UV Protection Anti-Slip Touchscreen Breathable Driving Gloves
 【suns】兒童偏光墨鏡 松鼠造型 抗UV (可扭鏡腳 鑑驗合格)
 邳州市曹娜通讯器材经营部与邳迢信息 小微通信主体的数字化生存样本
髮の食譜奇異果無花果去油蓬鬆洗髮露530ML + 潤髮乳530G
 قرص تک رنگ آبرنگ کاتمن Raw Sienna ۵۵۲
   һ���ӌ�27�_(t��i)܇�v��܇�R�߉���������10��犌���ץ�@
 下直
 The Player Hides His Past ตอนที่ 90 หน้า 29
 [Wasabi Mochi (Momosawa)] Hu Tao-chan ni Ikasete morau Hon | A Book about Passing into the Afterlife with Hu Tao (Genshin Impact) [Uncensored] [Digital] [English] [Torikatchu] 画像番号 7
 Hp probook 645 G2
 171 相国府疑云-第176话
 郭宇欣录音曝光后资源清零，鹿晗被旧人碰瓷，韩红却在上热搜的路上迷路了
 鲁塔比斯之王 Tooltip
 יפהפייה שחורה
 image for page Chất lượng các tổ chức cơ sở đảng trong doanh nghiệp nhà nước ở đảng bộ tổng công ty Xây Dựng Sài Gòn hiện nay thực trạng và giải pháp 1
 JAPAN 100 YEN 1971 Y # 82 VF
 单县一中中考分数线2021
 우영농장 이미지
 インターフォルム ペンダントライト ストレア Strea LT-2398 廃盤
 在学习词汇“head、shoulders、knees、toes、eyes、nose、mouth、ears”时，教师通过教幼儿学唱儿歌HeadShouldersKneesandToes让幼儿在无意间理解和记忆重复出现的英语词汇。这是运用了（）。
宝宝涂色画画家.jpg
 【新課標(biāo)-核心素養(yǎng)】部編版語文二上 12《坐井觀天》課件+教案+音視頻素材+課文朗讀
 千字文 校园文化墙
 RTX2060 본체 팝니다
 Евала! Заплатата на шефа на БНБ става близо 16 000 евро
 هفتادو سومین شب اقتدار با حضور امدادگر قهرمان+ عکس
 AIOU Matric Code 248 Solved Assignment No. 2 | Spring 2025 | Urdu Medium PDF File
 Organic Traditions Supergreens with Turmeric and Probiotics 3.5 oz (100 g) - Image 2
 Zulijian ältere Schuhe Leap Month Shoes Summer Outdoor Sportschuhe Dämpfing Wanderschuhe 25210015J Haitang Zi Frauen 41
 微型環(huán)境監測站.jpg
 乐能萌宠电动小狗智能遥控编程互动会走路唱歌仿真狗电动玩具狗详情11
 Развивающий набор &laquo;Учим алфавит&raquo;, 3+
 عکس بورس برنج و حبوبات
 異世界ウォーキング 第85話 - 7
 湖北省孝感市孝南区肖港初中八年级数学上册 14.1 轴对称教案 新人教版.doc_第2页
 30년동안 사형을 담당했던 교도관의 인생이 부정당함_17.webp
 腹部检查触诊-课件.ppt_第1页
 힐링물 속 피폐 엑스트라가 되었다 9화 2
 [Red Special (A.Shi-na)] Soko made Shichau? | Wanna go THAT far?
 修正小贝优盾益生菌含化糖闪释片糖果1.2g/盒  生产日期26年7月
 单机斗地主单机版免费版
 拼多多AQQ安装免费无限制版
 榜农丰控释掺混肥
○ ○ ○
TASK INSTRUCTIONS:
Your answer should consist of each line of the data above in which the word "with" occurs.

ANSWER TO THE PROBLEM:
 [Wasabi Mochi (Momosawa)] Hu Tao-chan ni Ikasete morau Hon | A Book about Passing into the Afterlife with Hu Tao (Genshin Impact) [Uncensored] [Digital] [English] [Torikatchu] 画像番号 7
 Organic Traditions Supergreens with Turmeric and Probiotics 3.5 oz (100 g) - Image 2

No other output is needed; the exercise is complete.